=== Instructions to follow ===
Transcribe exactly, and without pictures, only the lines from the one bearing "Mini GT #1172: Ford" through the final line of the data below.

Data block below:

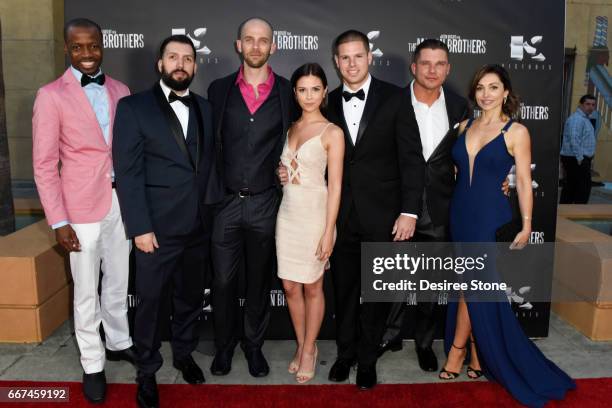 Errol Webber, David Trevino, Brandon Sean Pearson, Erica Souza, Keith Sutliff, Michael Whelan, and Carlotta Montanari attent the premiere of "The...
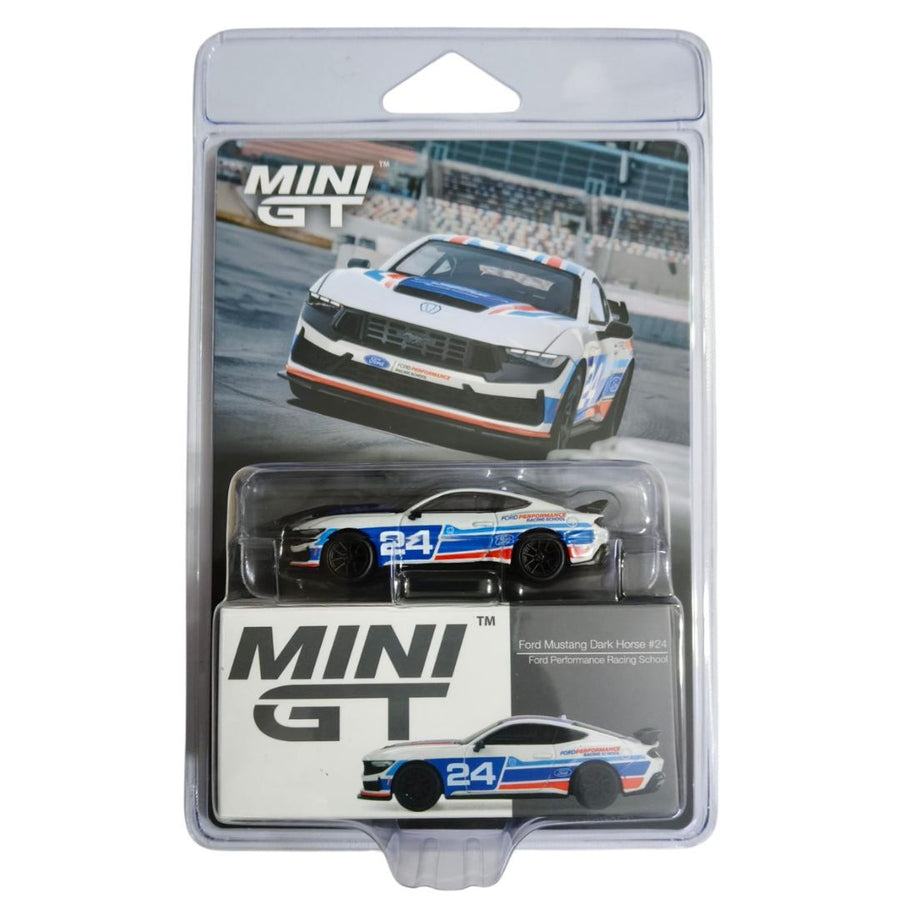 Mini GT #1172: Ford Mustang Dark Horse #24 Ford Performance Racing School Imported 1:64 Scal Box And Blister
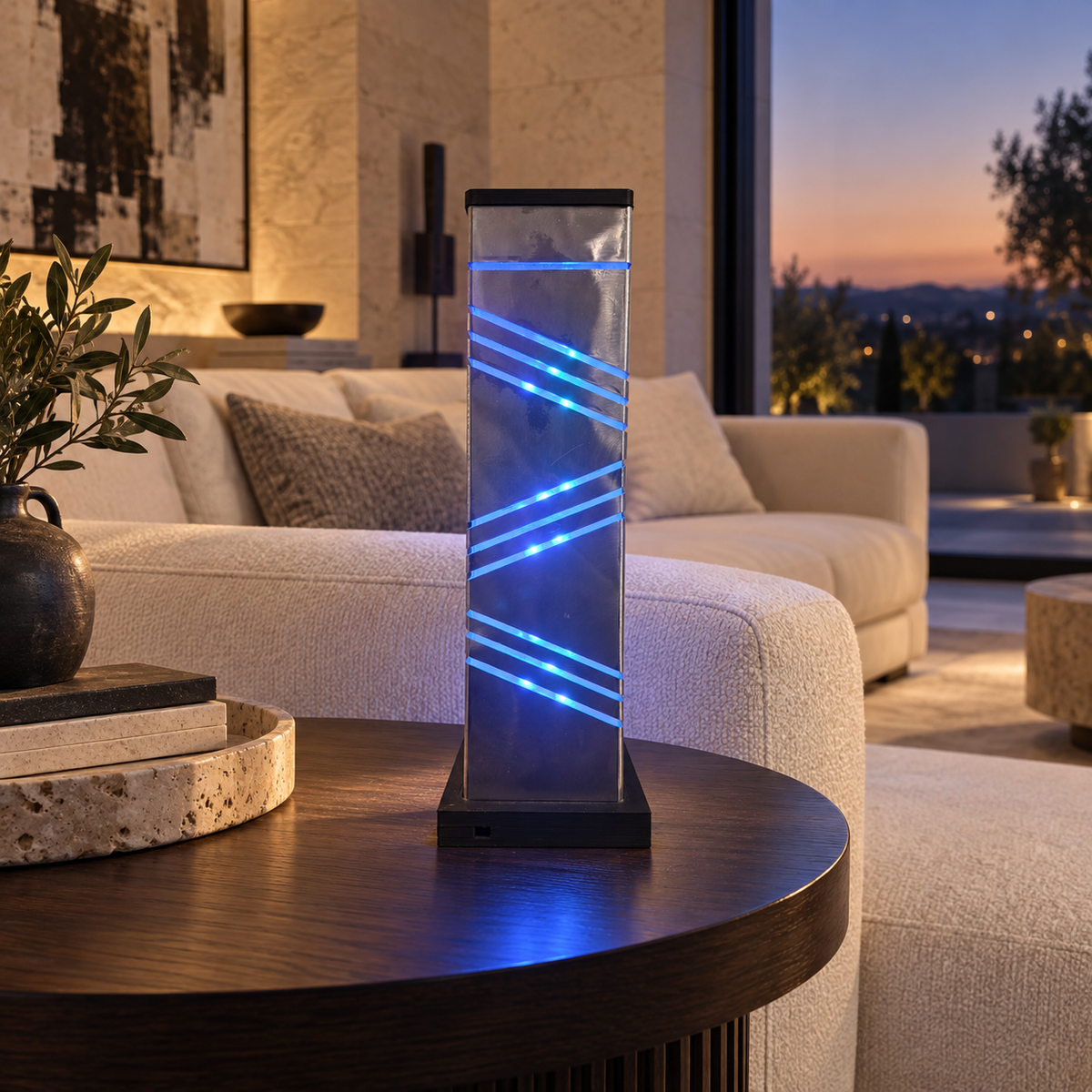 Lampe à poser en métal modèle 3, éclairage bleu dans un salon contemporain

End of Data block.

=== Answer for this exercise ===
 Mini GT #1172: Ford Mustang Dark Horse #24 Ford Performance Racing School Imported 1:64 Scal Box And Blister
 Lampe à poser en métal modèle 3, éclairage bleu dans un salon contemporain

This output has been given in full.